The first thing that most college students do when they wake up is turn over to their phone and check if they have any notifications from their various social media sites. A lot of people that I’ve talked to about this have confessed to me that they actually check their social media sites before even getting ready for class, work or other various endeavors during the day. According to abcnews.com, a study showed that 79% of people in a group of 7,446 iPhone and Android users between the ages of 18 and 44, checked their phones within the first 15 minutes of waking up.
It has become a popular thing for people, both young and old, to have some sort of social media. Facebook, Instagram, Twitter, Vine and many other social media sites have literally taken over a lot of people’s daily lives. Facebook is one of the biggest ones. According to abcnews.com, people with smartphones check their Facebooks approximately 14 times a day.
Have you met someone who doesn’t have a Facebook or Instagram account and scolded them as being weird for not having one? It has become the norm for people to use at least one kind of social media. If you notice, even parents, teachers and pre-teens have jumped on the social media bandwagon. Social media is really taking over the world.
I think that social media’s main purpose is to connect friends and family. However, it can potentially hurt you when it comes to looking for a job.
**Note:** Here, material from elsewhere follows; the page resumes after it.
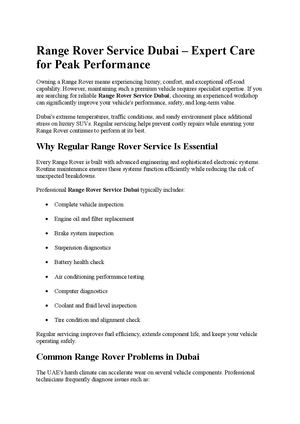 Range Rover Service Dubai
For example, many companies, during their hiring process, will check your social media to see if their perceptions of you were accurate or if you would be a good fit for their company. Some applications, like a summer camp application that I filled out last summer, asked for my Facebook link and asked for permission to use it as a reference. The fact that companies factor social media websites into the hiring process truly proves that they have become an important part of people’s lives.
I am not against social media at all. I enjoy sharing annoying statuses on my Facebook, posting pictures with friends on Instagram and revining hilarious Vines. However, I ultimately think that there has to be a limit to what becomes an unhealthy relationship with social media. Checking every five minutes for a notification on your phone, computer or tablet is not a healthy thing to do. It actually, in my belief, deters you from paying attention in class and at work, or from building strong friendships and relationships with people face to face.
I am not giving up social media, but I am actually going to attempt to steer away from a constant connection with my social media in order to fulfill my daily goals. At the end of the day, social media can take over the entire world, but I will no longer allow it to take over me like I’ve allowed it to do for the last few years.